Exercise description = Print the data below verbatim, minus images.

Data segment =
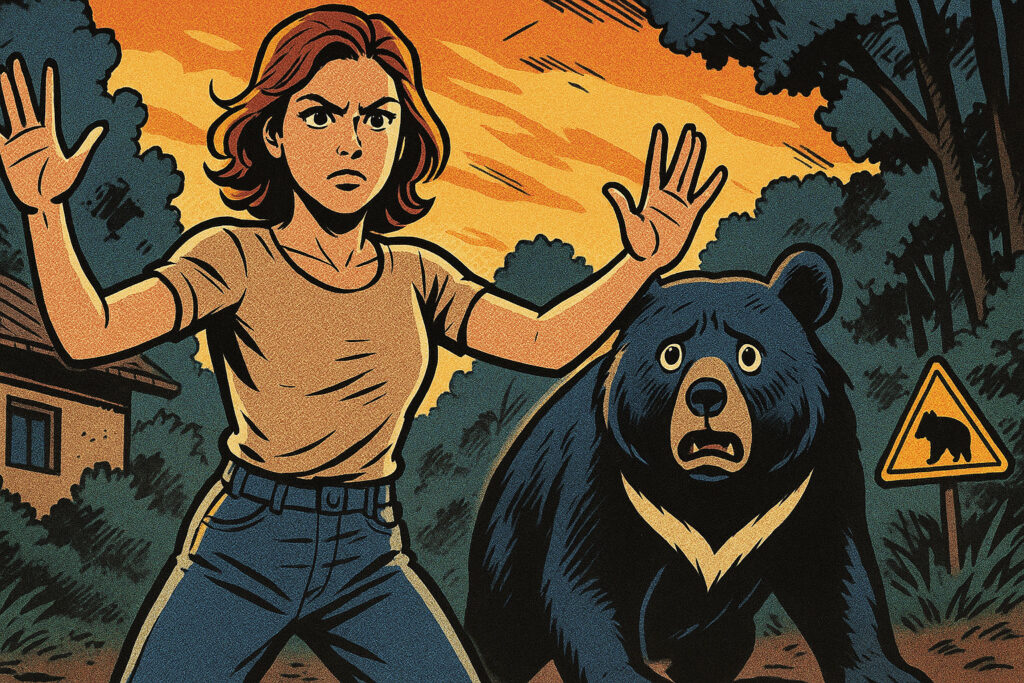 クマを守る女性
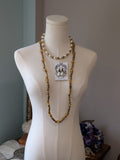 Renaissance Jewelry Set - Topaz, Antique Gold, and Pearl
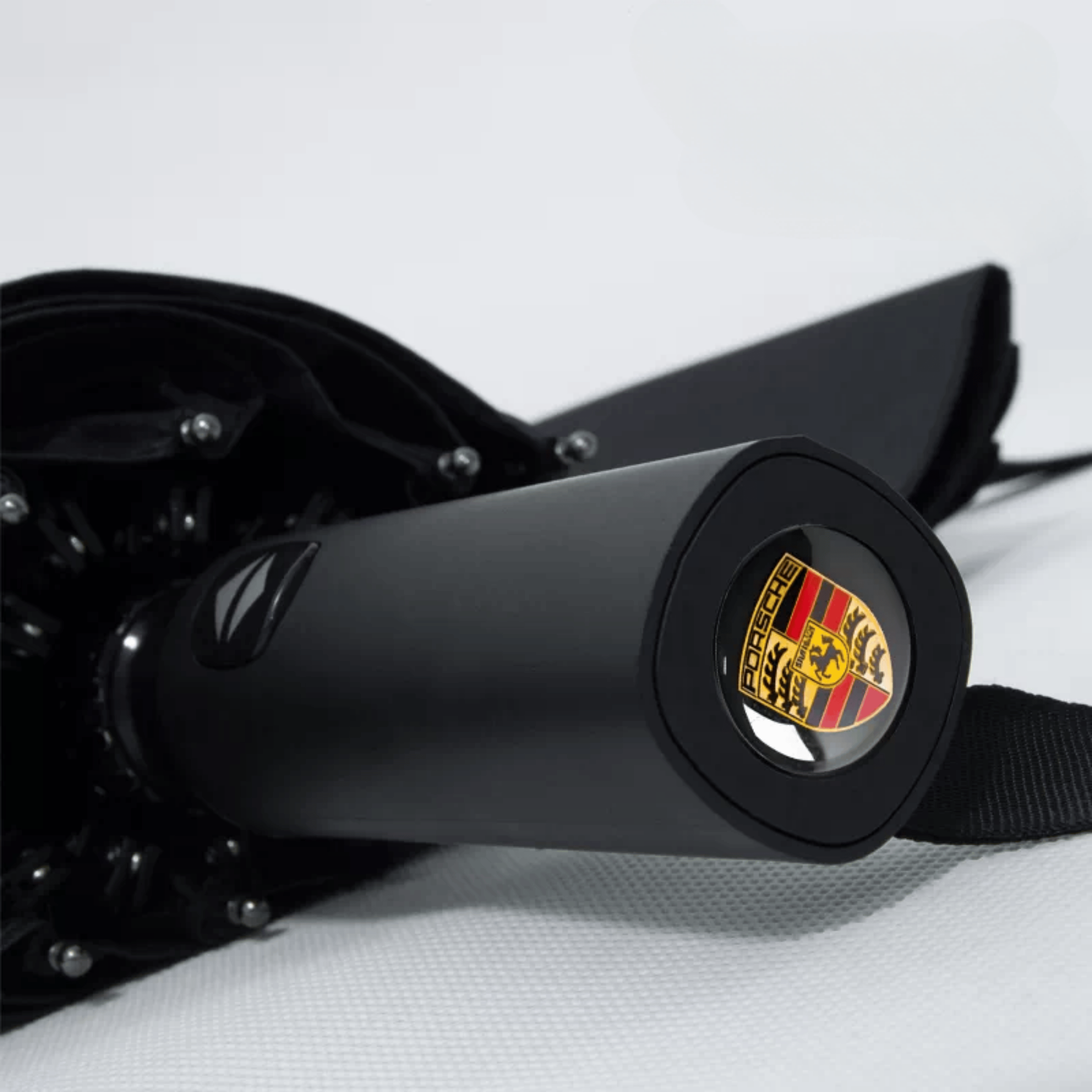 Porsche Luxury Automatic Umbrella  12-Rib Windproof Black Folding Umbrella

Answer section =
 クマを守る女性
 Renaissance Jewelry Set - Topaz, Antique Gold, and Pearl
 Porsche Luxury Automatic Umbrella  12-Rib Windproof Black Folding Umbrella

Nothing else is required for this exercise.